Chosing the right Plot
There are many ways to represent the data, but one has to be mindful of the type of plot used. Choosing the right plot is an important problem we will be faced with when visualising data. The plot should convey a conclusion that can be drawn without ambiguity. That is why it is important to consistently use propper labeling and descriptive captions. Seeing an image without context or understanding will render the image uninterpretable, and in cases, lead the viewer to draw the wrong conclusion.
Examples of plots
Let's begin by creating a simple plot of a sin
function. We are not able to plot a continous line chart, we need to provide a set of data points
We can do this in the following way
Python
import numpy as np
import matplotlib.pyplot as plt
n_steps = 1000 # Size of partition of the x-axis
x = np.linspace(0, 2*np.pi, n_step)
y = np.sin(x)
plt.plot(x,y)
plt.xlabel("x")
plt.ylabel("sin(x)")
plt.title("Line Chart of sin function")
plt.show()
R
n_steps = 1000
x <- seq(0, 2*pi, 1/n_steps)
y <- sin(x)
// Here it is always easier to work with dfs
df <- tibble(x=x,y=y)
df %>%
ggplot() +
geom_path(mapping=aes(x=x, y=y)) +
labs(title="Line Chart of sin function",
x="x",
y="sin(x)")
Since we want to be working with Dataframes, it would be nice to directly visualise data from them. Thankfully, this a feature that has support in both Python and R. To show a simple example of this we can use the Winter_medals2022-11-03.csv
data.
We can visualise the number of medals won by the 3 countries with the highest number of total medals in the following way
Python
# Process data
df = pd.read_csv("./data/Winter_medals2022-11-03.csv")

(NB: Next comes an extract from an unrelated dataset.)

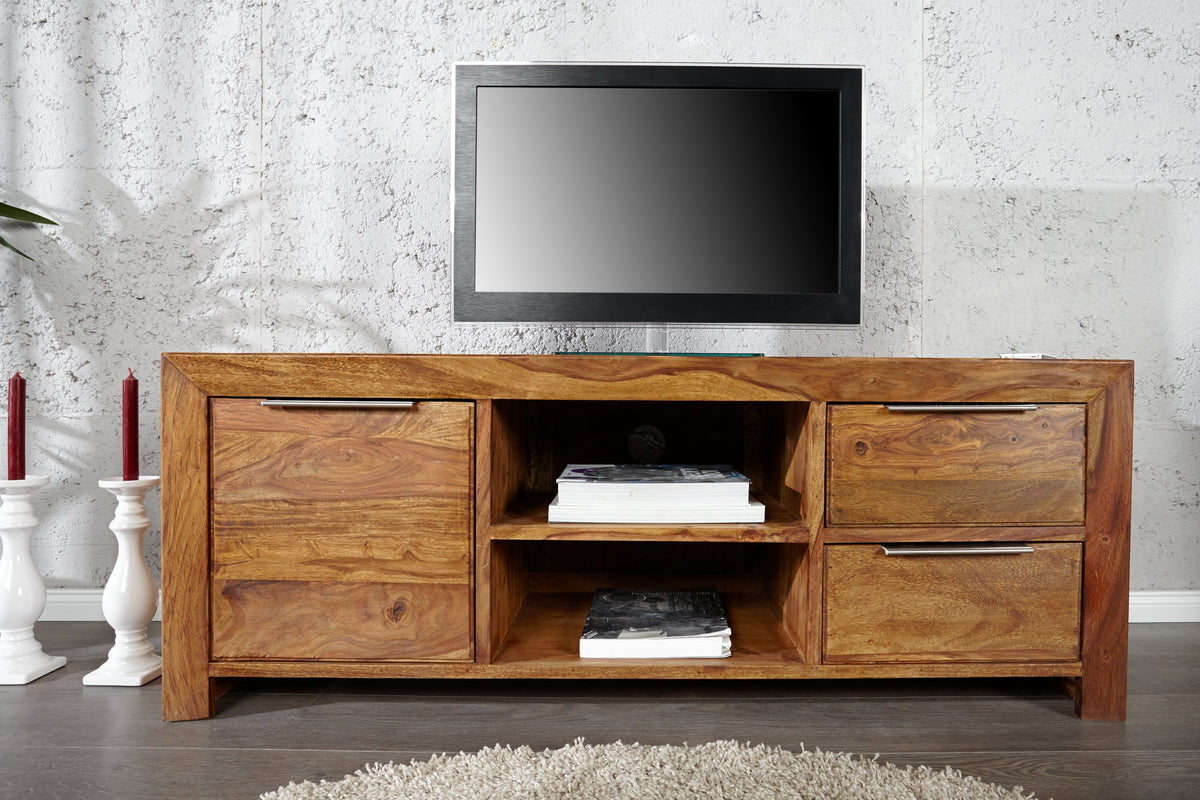 Meuble TV massif PURE 135cm marron finition pierre Sheesham bois de rose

top3 = df[["Country", "Total"]].groupby("Country").sum().sort_values("Total", ascending=False).head(3).index
df = df.loc[df["Country"].isin(top3)][["Country", "Gold", "Silver", "Bronze"]].groupby("Country").sum()
# Plot data, use stacked to get nicer plot.
df.plot.barh(stacked=True)
R
df <- read_csv("./data/Winter_medals2022-11-03.csv")
top3 <- df %>%
group_by(Country) %>%
summarise(Gold=sum(Gold)) %>%
arrange(desc(Gold)) %>%
select(Country) %>%
head(3)
df <- df %>%
filter(Country %in% top3$Country ) %>%
group_by(Country) %>%
summarise(Gold = sum(Gold), Silver = sum(Silver), Bronze = sum(Bronze))
df %>%
pivot_longer(cols = -Country, names_to = "Medal", values_to = "Count") %>% # We will go through pivoting in a few lectures
ggplot(aes(x = Count, y = Country, fill = Medal)) +
geom_bar(stat = "identity") +
labs(x = "Medals", y = "Country")
This is by no means comprehensive, but is meant to show you how to plot in practice. You can find more examples in the provided reading material. We will explore how to use plots to draw conclusions in the comming weeks.